FGFR2b-positivity was determined by centrally performed prospective immunohistochemistry (IHC) for FGFR2b overexpression and/or a circulating tumour DNA blood assay demonstrating FGFR2 gene amplification. Of the 910 evaluated patients, 275 (30%) were FGFR2b-positive. Eventually, 155 patients were randomised.
Prof. Wainberg reported a positive correlation between benefit and the percentage of FGFR2b-positive tumour cells. For patients with IHC results showing FGFR2b overexpression in at least 10% of the sample, the median PFS was 14.1 months for the bemarituzumab cohort, compared with 7.3 months for the placebo cohort (HR 0.44; 95% CI 0.25-0.77).

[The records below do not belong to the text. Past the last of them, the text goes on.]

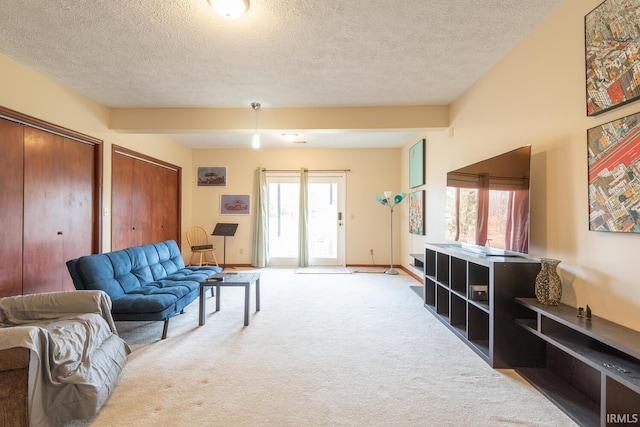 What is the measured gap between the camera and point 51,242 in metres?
3.10

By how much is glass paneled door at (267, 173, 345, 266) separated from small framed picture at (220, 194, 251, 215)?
537mm

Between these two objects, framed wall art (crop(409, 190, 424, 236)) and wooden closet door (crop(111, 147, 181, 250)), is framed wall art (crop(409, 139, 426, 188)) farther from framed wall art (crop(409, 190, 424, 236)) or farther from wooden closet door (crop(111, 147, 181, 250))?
wooden closet door (crop(111, 147, 181, 250))

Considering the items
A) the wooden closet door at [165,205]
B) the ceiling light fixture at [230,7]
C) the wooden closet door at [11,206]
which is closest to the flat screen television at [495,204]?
the ceiling light fixture at [230,7]

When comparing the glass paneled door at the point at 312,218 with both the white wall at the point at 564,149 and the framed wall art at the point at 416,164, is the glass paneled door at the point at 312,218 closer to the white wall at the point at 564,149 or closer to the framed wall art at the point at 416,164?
the framed wall art at the point at 416,164

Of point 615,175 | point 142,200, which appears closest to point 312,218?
point 142,200

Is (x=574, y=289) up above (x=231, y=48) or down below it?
below

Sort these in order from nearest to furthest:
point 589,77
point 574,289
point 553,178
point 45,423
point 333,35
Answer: point 45,423 → point 589,77 → point 574,289 → point 553,178 → point 333,35

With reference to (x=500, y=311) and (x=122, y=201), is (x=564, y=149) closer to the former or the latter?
(x=500, y=311)

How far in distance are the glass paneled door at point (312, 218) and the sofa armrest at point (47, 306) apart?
14.0 feet

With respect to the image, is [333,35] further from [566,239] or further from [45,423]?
[45,423]

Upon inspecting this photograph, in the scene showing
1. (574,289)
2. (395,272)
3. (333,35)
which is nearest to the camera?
(574,289)

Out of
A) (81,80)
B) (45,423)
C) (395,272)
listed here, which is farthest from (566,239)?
(81,80)

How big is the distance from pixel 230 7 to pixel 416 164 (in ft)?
13.0

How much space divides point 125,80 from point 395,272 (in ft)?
17.0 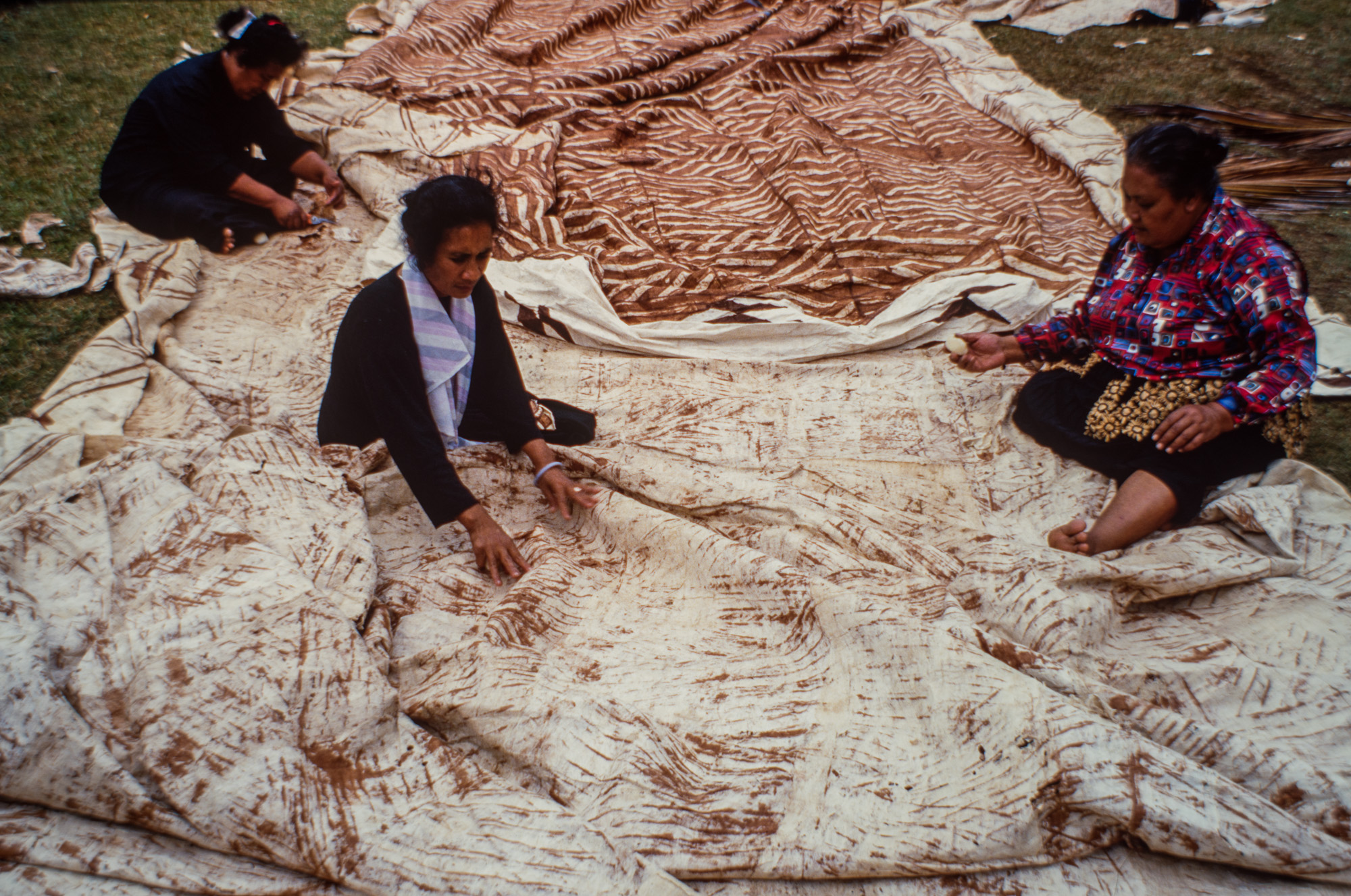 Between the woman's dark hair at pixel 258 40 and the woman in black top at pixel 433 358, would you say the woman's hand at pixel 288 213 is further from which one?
the woman in black top at pixel 433 358

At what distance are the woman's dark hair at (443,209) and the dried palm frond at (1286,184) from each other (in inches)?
131

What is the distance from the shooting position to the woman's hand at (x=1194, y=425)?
1841mm

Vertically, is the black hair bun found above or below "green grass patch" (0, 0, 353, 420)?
above

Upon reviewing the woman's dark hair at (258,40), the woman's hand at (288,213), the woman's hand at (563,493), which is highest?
the woman's dark hair at (258,40)

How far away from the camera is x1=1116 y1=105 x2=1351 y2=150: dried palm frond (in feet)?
12.6

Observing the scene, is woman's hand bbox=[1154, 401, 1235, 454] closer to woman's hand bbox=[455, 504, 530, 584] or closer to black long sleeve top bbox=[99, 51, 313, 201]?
Result: woman's hand bbox=[455, 504, 530, 584]

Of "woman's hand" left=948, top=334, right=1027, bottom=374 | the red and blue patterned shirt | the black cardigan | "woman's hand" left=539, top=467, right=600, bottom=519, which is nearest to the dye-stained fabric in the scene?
"woman's hand" left=948, top=334, right=1027, bottom=374

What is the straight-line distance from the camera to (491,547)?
5.87 feet

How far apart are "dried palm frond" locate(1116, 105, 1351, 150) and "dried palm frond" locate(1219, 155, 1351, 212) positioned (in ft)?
0.78

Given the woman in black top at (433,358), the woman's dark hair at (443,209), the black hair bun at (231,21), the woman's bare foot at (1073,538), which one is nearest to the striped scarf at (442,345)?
the woman in black top at (433,358)

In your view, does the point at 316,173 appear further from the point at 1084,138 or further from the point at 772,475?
the point at 1084,138

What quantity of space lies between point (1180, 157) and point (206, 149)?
3233mm

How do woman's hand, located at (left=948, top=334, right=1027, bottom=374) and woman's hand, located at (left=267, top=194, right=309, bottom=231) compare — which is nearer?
woman's hand, located at (left=948, top=334, right=1027, bottom=374)

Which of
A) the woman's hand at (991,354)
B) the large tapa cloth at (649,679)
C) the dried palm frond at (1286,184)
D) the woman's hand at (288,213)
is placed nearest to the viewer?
the large tapa cloth at (649,679) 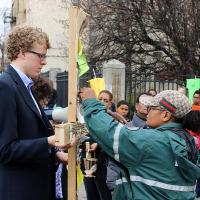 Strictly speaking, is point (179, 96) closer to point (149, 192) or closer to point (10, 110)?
point (149, 192)

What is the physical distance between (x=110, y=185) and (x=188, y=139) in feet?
8.27

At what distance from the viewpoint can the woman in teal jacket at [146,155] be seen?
255cm

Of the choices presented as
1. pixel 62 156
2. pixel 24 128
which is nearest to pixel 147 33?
pixel 62 156

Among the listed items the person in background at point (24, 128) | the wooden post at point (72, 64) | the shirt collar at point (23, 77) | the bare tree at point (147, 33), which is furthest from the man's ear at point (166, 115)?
the bare tree at point (147, 33)

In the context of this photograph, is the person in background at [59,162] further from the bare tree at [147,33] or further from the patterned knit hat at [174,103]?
the bare tree at [147,33]

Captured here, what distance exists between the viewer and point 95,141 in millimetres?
2703

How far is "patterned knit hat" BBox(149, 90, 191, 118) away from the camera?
9.16ft

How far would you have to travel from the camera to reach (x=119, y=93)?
11.8 m

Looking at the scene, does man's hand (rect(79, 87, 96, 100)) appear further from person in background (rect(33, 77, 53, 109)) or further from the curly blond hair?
person in background (rect(33, 77, 53, 109))

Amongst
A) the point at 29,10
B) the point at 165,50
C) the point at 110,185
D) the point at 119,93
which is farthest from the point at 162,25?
the point at 29,10

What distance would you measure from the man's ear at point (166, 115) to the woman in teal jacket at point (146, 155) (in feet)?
0.24

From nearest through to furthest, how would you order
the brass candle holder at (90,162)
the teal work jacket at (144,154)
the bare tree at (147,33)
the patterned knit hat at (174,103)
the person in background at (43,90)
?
the teal work jacket at (144,154)
the patterned knit hat at (174,103)
the brass candle holder at (90,162)
the person in background at (43,90)
the bare tree at (147,33)

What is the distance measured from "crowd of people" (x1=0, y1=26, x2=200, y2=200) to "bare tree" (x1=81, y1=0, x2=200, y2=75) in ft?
42.1

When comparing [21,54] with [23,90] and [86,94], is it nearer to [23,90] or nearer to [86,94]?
[23,90] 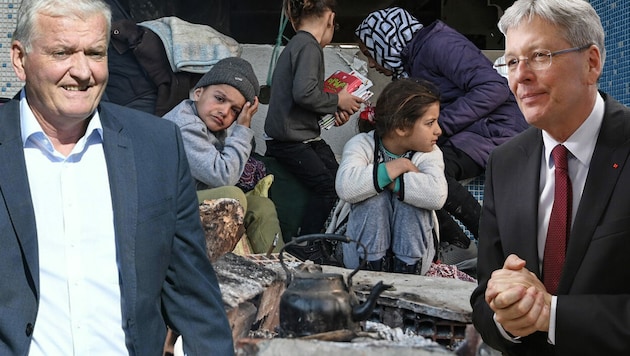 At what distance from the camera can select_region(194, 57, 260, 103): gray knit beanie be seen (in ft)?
15.6

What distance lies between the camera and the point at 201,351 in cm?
241

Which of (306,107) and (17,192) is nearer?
(17,192)

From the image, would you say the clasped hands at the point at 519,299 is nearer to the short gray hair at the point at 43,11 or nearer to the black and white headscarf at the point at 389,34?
the short gray hair at the point at 43,11

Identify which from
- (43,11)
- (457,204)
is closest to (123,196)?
(43,11)

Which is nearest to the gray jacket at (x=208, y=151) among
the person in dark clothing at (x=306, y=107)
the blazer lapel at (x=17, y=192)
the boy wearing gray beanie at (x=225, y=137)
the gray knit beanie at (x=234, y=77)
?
the boy wearing gray beanie at (x=225, y=137)

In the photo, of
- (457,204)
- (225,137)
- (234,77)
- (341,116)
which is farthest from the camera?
(341,116)

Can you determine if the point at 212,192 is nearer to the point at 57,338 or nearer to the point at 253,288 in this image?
the point at 253,288

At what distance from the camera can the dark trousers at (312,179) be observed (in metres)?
5.27

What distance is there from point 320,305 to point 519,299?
1.24m

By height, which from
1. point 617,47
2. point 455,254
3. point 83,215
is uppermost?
point 83,215

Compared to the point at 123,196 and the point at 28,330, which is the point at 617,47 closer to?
the point at 123,196

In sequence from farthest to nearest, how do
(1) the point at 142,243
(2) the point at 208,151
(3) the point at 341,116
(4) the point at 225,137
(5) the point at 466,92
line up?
(3) the point at 341,116
(5) the point at 466,92
(4) the point at 225,137
(2) the point at 208,151
(1) the point at 142,243

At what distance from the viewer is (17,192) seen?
2189mm

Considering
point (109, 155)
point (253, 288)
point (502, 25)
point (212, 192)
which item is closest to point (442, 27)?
point (212, 192) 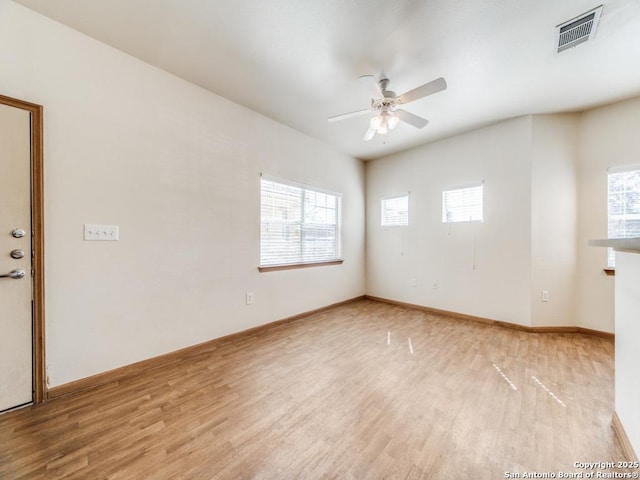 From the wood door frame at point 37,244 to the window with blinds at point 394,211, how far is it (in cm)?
419

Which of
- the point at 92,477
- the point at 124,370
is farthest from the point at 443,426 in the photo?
the point at 124,370

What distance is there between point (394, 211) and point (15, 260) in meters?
4.41

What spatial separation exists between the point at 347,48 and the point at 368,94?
69 cm

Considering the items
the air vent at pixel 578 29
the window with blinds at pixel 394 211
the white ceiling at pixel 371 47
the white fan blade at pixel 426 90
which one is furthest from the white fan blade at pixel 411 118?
the window with blinds at pixel 394 211

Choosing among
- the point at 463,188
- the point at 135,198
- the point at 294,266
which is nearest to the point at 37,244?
the point at 135,198

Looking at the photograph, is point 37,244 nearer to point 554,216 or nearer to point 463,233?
point 463,233

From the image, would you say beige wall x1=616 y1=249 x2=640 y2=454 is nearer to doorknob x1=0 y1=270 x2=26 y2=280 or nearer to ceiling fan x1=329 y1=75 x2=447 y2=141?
ceiling fan x1=329 y1=75 x2=447 y2=141

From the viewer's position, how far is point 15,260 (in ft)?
5.36

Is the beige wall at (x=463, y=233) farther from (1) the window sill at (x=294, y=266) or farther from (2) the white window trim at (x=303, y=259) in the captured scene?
(1) the window sill at (x=294, y=266)

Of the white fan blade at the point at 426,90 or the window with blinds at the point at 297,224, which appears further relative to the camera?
Answer: the window with blinds at the point at 297,224

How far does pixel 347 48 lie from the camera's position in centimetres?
199

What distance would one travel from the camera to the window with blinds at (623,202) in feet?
8.91

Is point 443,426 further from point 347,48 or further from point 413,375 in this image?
point 347,48

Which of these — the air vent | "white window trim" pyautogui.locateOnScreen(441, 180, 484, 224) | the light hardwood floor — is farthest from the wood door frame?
"white window trim" pyautogui.locateOnScreen(441, 180, 484, 224) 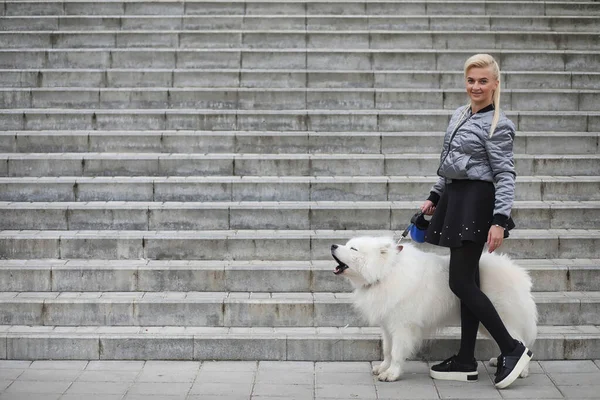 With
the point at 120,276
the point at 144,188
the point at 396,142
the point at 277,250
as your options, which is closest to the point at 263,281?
the point at 277,250

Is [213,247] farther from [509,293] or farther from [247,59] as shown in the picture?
[247,59]

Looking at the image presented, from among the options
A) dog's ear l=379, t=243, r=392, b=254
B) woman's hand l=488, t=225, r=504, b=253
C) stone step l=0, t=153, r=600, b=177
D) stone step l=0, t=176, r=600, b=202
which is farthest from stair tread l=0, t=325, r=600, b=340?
stone step l=0, t=153, r=600, b=177

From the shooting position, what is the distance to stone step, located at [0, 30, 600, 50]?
Result: 11453mm

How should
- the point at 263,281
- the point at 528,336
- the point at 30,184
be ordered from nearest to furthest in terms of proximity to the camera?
the point at 528,336 < the point at 263,281 < the point at 30,184

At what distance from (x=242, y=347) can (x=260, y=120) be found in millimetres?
3507

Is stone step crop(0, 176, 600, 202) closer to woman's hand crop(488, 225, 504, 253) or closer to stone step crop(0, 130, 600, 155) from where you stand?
stone step crop(0, 130, 600, 155)

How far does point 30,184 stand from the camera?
9.00 metres

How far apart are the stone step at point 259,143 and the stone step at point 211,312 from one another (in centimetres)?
256

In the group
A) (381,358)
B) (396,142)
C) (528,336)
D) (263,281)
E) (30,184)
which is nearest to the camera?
(528,336)

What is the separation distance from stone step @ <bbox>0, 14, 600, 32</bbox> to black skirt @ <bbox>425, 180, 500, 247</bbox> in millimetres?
6001

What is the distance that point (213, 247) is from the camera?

The 1-year PFS rates were 57.0% and 26.4% in the bemarituzumab and placebo arms, respectively. In those with IHC FGFR2b overexpression in at least 5% of cells, the median PFS was 10.2 months in the bemarituzumab arm versus 7.3 months with the placebo arm (HR 0.54; 95% CI 0.33-0.87). The 1-year PFS rates were 56.3% and 28.6%, respectively. Overall, in the intent-to-treat population, the median PFS was 9.5 months and 7.4 months for the bemarituzumab and placebo arms, respectively (HR 0.68; 95% CI 0.44-1.04; P=0.0727). The 1-year PFS rates were 52.5% and 33.8%, respectively. The median OS was not reached in the bemarituzumab arm, versus 12.9 months in the placebo arm (HR 0.58; 95% CI 0.35-0.95; P=0.0268). Again, the percentage of FGFR2b-positive cells was indicative of OS; in the patients whose tumours were at least 5% FGFR2b-positive, the median OS was not reached with bemarituzumab versus 12.5 months with the placebo arm (HR 0.52; 95% CI 0.30-0.91), and for 10% or more FGFR2b-positivity the benefit was even more marked (HR 0.41; 95% CI 0.22-0.79).The ORR was 47% in the bemarituzumab arm, and 33% with placebo.
Corneal events, commonly associated with FGFR inhibition, were reported more frequently in the bemarituzumab arm (67.1% vs 10.4%), with the most common in the bemarituzumab arm being dry eye (26.3%), keratitis (15.8%), and punctate keratitis (14.5%). Stomatitis (31.6% vs 13.0%) and elevated transaminases (34.2% vs 19.5%) were also more common in the bemarituzumab arm. Grade 3 and higher adverse events (82.9% vs 74.0%), serious adverse events (31.6% vs 36.4%), and deaths (6.6% vs 5.2%) were comparable across arms.
Overall, these results justify a prospective, randomised phase 3 trial of bemarituzumab.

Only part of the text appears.